Provenance Record

The article is well-structured, appropriately scoped for an Analysis piece, and demonstrates strong contextual knowledge of the CAR-T field. The writing is clear and medically precise throughout. Word count (962) is within the Analysis range (800-2000). However, two specific quantitative claims about the Capstan Therapeutics Science paper are not supported by any available source and appear to be hallucinated or fabricated: (1) 'near-complete B-cell depletion within three hours' and (2) 'near-total tumor clearance in leukemia models.' The Capstan Science abstract (PMID 40536974) describes B-cell depletion in cynomolgus monkeys and tumor control in humanized mice — no specific timeframe or percentage figures are given, and the leukemia model characterization is not supported. Additionally, AERA-109 is described as 'CD19-directed' but neither the BusinessWire press release nor the BioSpace version specifies the antigen target of AERA-109.

NEJM (10.1056/NEJMc2509522): Bot blocked with 403, but confirmed via PubMed (PMID 40961420) to be a real NEJM Letter published Oct 16 2025, vol 393(15):1542-1544. Authors include Georg Schett. Title confirmed: 'In Vivo CD19 CAR T-Cell Therapy for Refractory Systemic Lupus Erythematosus.' Article claims about the NEJM publication (5 patients, 60% CAR expression, complete B-cell depletion 7-10 days, SLEDAI-2000 decline up to 20 points, no grade ≥3 CRS) are confirmed by the BioSpace press release and cross-validated by web search coverage. BioSpace press release (MagicRNA HN2301): Accessible and fully corroborates all MagicRNA-specific claims including EnC-LNP platform, CD8+ targeting, five patients, lupus nephritis in four patients, dosing details, and Prof. Georg Schett's involvement. BusinessWire (Aera Therapeutics AERA-109): Bot-blocked and timed out repeatedly. Confirmed via web search and PharmiWeb mirror that the release is real and dated September 23, 2025. Confirmed: in vivo CAR-T via lipid nanoparticles, lymphodepletion avoidance, mid-2026 Phase I target. NOT confirmed: The article states AERA-109 is 'CD19-directed' but no available version of the press release names the specific antigen target. Capstan Therapeutics Science paper (PMID 40536974): Confirmed real via PubMed, published June 19 2025 in Science. Confirmed: targeted lipid nanoparticles, CD8+ T cell reprogramming, B-cell depletion in cynomolgus monkeys, tumor control in humanized mice. NOT confirmed: The article states 'near-complete B-cell depletion within three hours and near-total tumor clearance in leukemia models' — the abstract contains no specific timeframe, no percentage figures, and does not characterize the tumor model as leukemia. These quantitative claims have no source support.

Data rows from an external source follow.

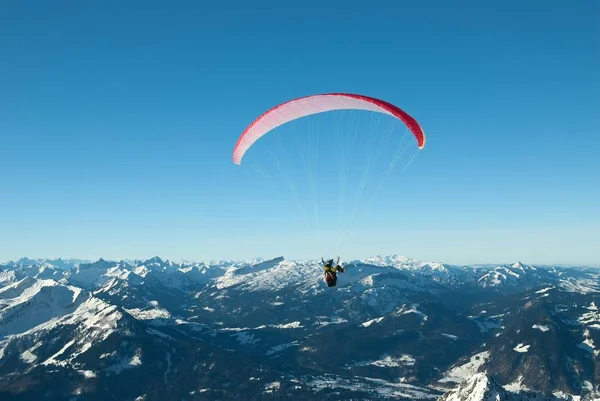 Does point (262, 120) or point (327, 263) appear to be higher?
point (262, 120)

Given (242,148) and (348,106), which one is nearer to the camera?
(348,106)

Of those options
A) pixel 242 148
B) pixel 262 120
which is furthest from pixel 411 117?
pixel 242 148

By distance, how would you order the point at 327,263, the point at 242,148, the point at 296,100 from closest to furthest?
the point at 296,100 < the point at 327,263 < the point at 242,148

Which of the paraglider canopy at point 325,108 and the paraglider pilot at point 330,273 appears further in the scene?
the paraglider pilot at point 330,273

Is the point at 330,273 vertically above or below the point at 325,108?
below

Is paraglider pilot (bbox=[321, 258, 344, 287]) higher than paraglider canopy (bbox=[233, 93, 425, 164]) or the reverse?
the reverse

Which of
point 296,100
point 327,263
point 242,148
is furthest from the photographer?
point 242,148

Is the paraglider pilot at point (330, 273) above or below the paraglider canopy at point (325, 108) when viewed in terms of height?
below

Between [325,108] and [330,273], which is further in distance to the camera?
[330,273]

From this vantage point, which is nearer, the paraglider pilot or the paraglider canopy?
the paraglider canopy

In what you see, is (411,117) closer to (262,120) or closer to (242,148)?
(262,120) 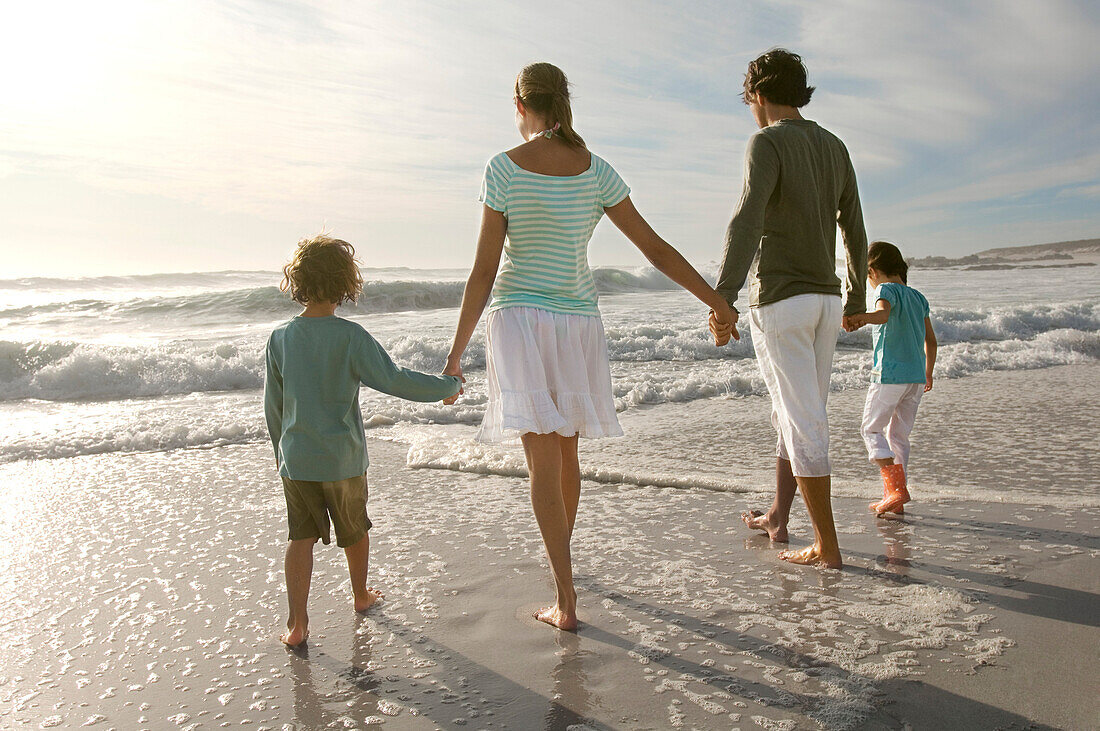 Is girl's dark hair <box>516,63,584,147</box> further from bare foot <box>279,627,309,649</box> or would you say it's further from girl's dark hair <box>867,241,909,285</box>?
girl's dark hair <box>867,241,909,285</box>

Three factual issues identified: (1) CRITICAL: The article claims Capstan data showed 'near-complete B-cell depletion within three hours' — no cited source supports this specific timeframe or percentage. The Capstan abstract reports B-cell depletion in cynomolgus monkeys without a timeline. (2) CRITICAL: The article claims 'near-total tumor clearance in leukemia models' — the Capstan abstract says only 'tumor control in humanized mice' with no percentage and does not name the tumor type as leukemia. (3) MINOR: The article describes AERA-109 as 'CD19-directed' but available sources only describe it as targeting B cell-mediated autoimmune diseases without naming a specific antigen. All claims about the MagicRNA HN2301 NEJM study are accurately sourced and verified.

The MagicRNA/NEJM core of this article is well-reported and accurately sourced. The two problematic claims concern the Capstan supporting paragraph, where specific quantitative language ('three hours,' 'near-total,' 'leukemia') appears to be unsupported invention rather than paraphrase of the available source. In medical reporting, fabricated precision is more damaging than acknowledged uncertainty. The AERA-109 antigen characterization is a lesser concern but still a factual assertion without source backing. REQUEST_CHANGES to correct these three specific items before publication.